What Are the Four Market Models in Economics?
The four market models in economics are fundamental concepts that apply to the economic structure supporting individual companies and industries, and they are the basic framework that dictates how sellers sell and buyers buy.
According to "Encyclopedia Britannica," markets are defined as when or where “the exchange of goods and services takes place as a result of buyers and sellers being in contact with one another, either directly or through mediating agents or institutions.”
It isn't incorrect to think of everyday places like flea markets, malls and the New York Stock Exchange as markets, but the modern term tends to speak to overarching ideas and broader strokes, like commodities and industries, rather than specific products or places.
Whether speaking about the “real estate market” or the “labor market” or commodities markets, the fundamental principle is that everything comes down to supply and demand, which fuels what we buy and what is sold.
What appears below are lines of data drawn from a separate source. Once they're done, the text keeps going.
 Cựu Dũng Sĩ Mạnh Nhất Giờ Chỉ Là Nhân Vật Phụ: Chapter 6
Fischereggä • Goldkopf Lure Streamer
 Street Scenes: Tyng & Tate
The buying and selling of goods in any market can go one of two ways. One, someone has a good to sell and will sell it for whatever price the market dictates is fair. An example of this is the sale of coffee or rice or pork bellies, where the market buyers set the price based on what they’re willing to pay for these raw materials compared to the supply available at that time. In the other approach, the seller sets the price of their product and consumers must pay their price – think of finished goods like cars, smartphones, televisions and clothing. Consumers still have power in this market, because they can choose to buy competing products or simply refuse to buy a good or service.
Then there are four kinds of markets, which fall into two basic categories – perfect and imperfect competition.
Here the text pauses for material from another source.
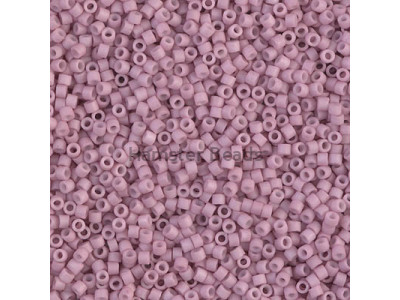 Бисер MIYUKI Delica 11/0 #DB0355 - Rose Matted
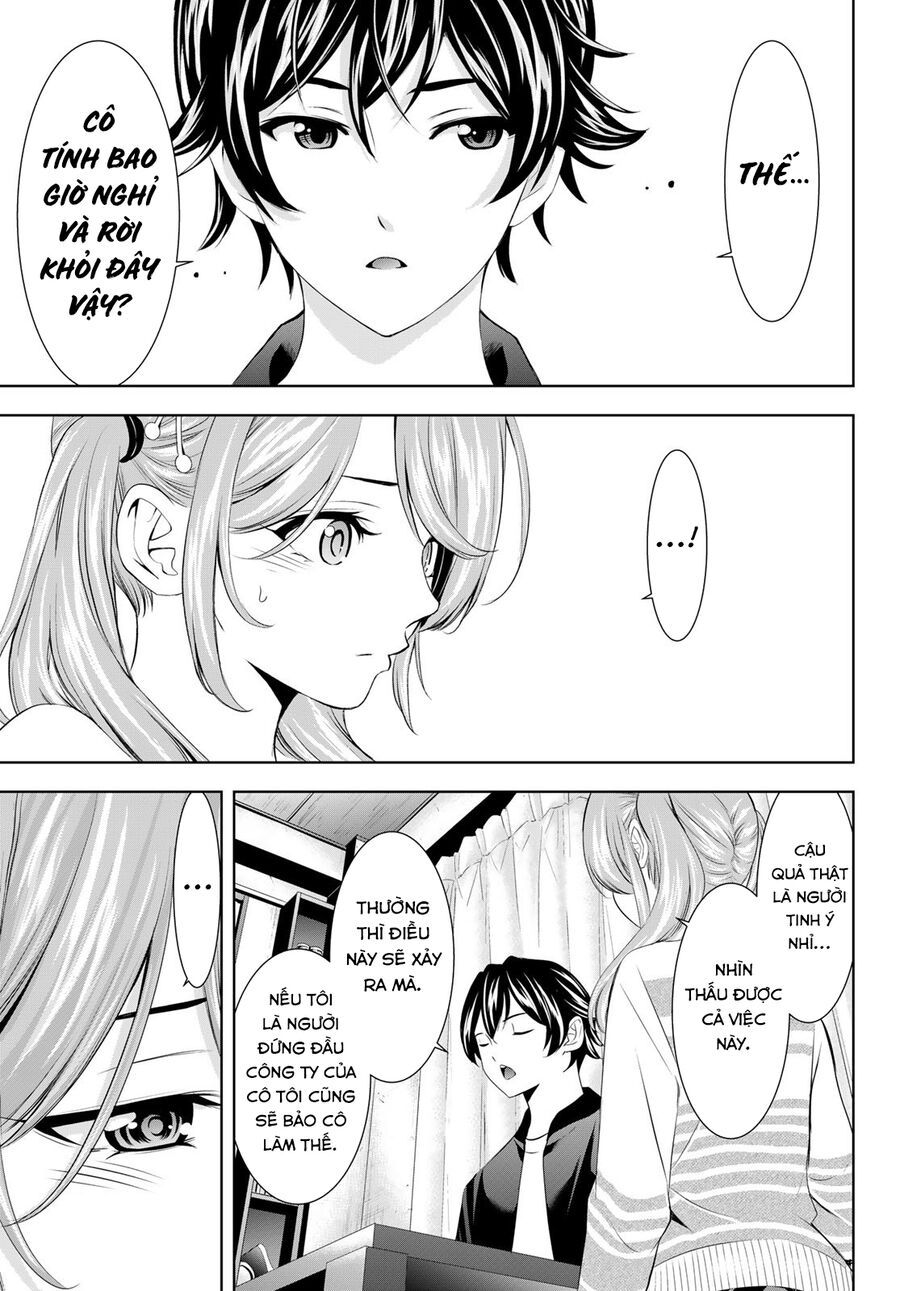 Quán Cà Phê Nữ Thần - Chapter 200 - Page 13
Perfect Competition, also known as pure competition, is a stand-alone category and the first kind of market. In it, many different sellers compete, while the laws of supply and demand dictate pricing and availability of their merchandise or services. Entering or exiting the market as a business is easy to do, as regulations are not prohibitive. Their consumer awareness is also unfettered, as information about products and quality are openly known because the products are virtually indistinguishable from each other. Few examples of perfect competition exist, and it’s essentially more of a theoretical comparison point for academics rather than a practical model. But the closest examples would be agricultural markets, like soybeans or corn.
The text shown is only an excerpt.